**Work task**
When you copy the data, keep every word exactly as it is and leave the pictures out.

**Recorded information**
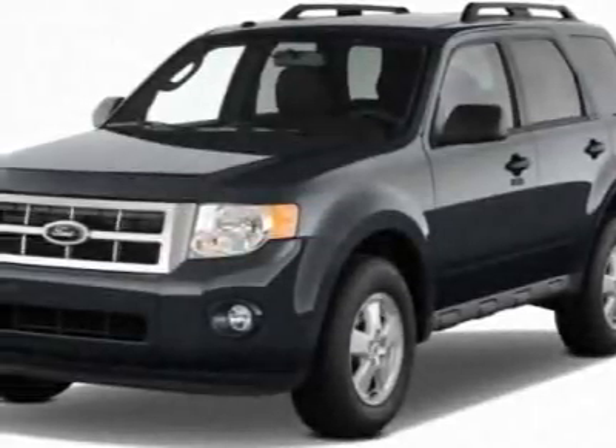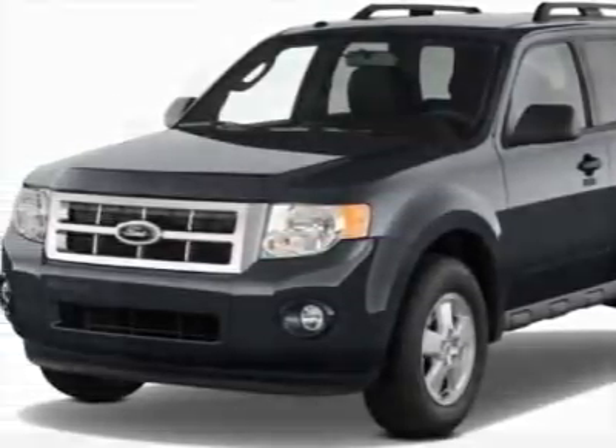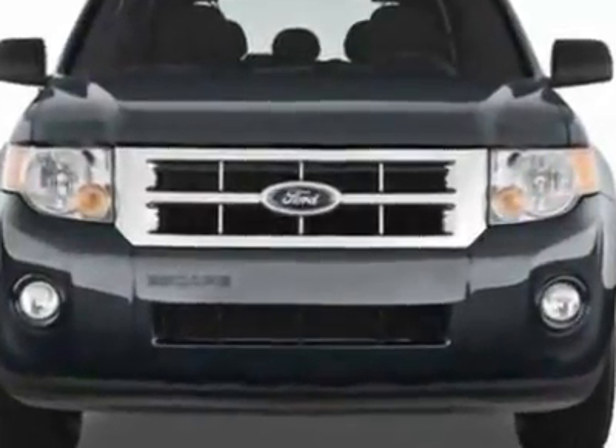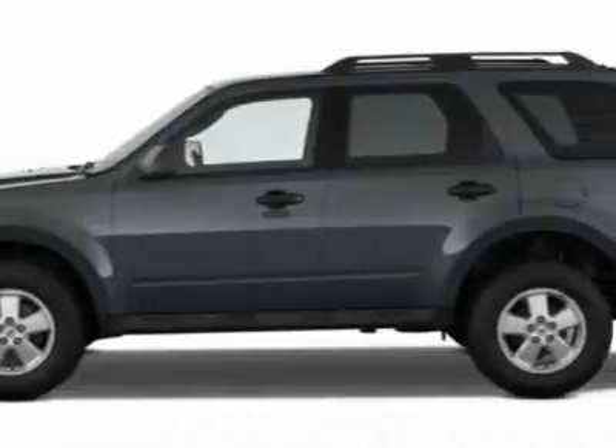Check out this new 2012 Ford Escape. For your protection, this vehicle has a full factory warranty. This vehicle gets an estimated 20 miles per gallon in the city and an estimated 27 on the highway.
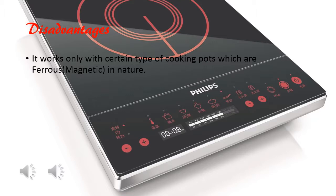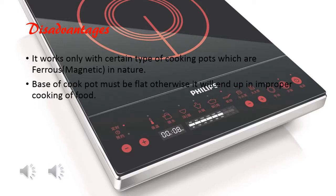I too heard about these types of induction stoves but they have not entered the market yet. Induction stoves also have another disadvantage: the base of the cooktop must be flat, otherwise it will result in improper cooking of food.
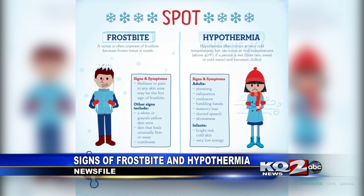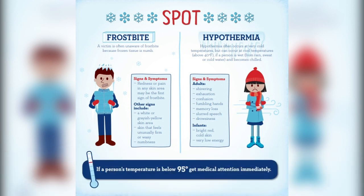Some signs of hypothermia include adults shivering, exhaustion and confusion. Hypothermia signs in infants include bright red, cold skin and very low energy. If a person's temperature is below 95 degrees, seek medical attention immediately.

**Task answer**
Check out this new 2012 Ford Escape. For your protection, this vehicle has a full factory warranty. This vehicle gets an estimated 20 miles per gallon in the city and an estimated 27 on the highway.
I too heard about these types of induction stoves but they have not entered the market yet. Induction stoves also have another disadvantage: the base of the cooktop must be flat, otherwise it will result in improper cooking of food.
Some signs of hypothermia include adults shivering, exhaustion and confusion. Hypothermia signs in infants include bright red, cold skin and very low energy. If a person's temperature is below 95 degrees, seek medical attention immediately.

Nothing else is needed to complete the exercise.